We can all picture the trauma of the timid child perhaps too shy and withdrawn to gain their full potential. The PSHE teacher resources at primary and secondary school are there to help as boosting self esteem has huge benefits to a child’s learning capacity, well being and social skills. But there are some pitfalls to overdoing the effect. Consider the impact to a child or adult who have an inflated opinion of their abilities. Some time in the future they will be tested which could create significant inner conflict as reality sets in.
The realisation that their assumed ability is suspect can be crushing. Like most things in life the greatest benefit comes with moderation. The correct balance of self esteem building activity in the classroom and home can boost learning capacity and enhance the benefit of the school teaching and learning resources. Overdo the emphasis and we risk the child falling flat on their face when they encounter the wide world.
Professor Stephen Dinham, Research Director of the Teaching Learning and Leadership Research programme at the Australian Council for Educational Research, believes students want and need feedback to four questions:
- What can I do
- What can’t I do
- How does my work compare to others
- How can I do better
“Every student needs to feel recognised and cared about. Every student needs to experience success and feel they are progressing in their learning and development. Real achievement, no matter how small, is the best way to engender self –concept and self-esteem,” he said “But we should not shy away from the concept of failure. Having failed then succeeded at something can be a powerful driver for learning and self esteem. If performance flaws are not detected and corrected, these can become ingrained and will become much harder to eradicate in the future.”
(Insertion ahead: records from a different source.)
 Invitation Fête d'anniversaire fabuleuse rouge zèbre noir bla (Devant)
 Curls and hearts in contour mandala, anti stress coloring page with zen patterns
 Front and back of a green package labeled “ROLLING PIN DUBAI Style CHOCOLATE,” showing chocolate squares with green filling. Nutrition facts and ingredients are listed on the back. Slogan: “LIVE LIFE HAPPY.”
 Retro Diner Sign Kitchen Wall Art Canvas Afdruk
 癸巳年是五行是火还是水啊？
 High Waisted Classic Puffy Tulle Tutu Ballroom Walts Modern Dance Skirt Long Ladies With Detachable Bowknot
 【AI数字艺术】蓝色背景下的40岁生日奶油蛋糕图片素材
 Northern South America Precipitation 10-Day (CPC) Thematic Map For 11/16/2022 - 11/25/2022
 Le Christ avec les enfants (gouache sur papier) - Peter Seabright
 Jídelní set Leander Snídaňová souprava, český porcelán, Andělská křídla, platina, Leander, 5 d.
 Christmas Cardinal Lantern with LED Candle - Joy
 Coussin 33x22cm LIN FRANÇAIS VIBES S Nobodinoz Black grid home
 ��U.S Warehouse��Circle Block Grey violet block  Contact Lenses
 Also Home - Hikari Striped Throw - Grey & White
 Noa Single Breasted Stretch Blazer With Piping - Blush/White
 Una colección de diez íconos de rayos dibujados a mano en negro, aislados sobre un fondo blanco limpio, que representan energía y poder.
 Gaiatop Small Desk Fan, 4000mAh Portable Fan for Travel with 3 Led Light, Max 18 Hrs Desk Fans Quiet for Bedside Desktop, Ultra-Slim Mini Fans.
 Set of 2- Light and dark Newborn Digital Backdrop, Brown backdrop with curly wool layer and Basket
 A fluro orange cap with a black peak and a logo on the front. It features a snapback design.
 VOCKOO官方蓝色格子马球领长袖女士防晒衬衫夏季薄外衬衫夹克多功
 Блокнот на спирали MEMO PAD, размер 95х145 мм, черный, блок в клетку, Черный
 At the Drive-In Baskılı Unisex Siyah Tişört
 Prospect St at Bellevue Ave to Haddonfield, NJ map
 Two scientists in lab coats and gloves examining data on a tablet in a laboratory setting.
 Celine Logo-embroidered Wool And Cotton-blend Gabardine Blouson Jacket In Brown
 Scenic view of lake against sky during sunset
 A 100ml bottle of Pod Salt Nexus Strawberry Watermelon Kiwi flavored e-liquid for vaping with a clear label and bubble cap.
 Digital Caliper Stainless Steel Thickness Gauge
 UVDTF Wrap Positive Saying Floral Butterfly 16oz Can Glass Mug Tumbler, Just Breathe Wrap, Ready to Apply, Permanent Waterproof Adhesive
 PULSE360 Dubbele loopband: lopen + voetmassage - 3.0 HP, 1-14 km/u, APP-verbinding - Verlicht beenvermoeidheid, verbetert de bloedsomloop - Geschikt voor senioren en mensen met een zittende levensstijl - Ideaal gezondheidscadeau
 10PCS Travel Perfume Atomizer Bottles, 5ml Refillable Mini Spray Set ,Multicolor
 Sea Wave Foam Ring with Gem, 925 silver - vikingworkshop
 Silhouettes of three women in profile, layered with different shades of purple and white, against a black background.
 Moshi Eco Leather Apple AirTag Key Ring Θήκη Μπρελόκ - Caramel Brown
Whilst we all like to instil confidence in children being overprotective or overindulgent can have the opposite effect. Artificially boosting a child’s self esteem can be counter productive. “We could do the children no favours and quite possibly we’re setting them up for failure and disappointment” said Professor Dinham.
Ideally our teaching resources need to be balanced, praise where praise is due and correction when we get it wrong. Maybe the greatest lesson is not to forget we all fail occasionally. The worse thing we can do is to gloss over errors thinking it could damage the child’s self esteem, when in reality we are building it.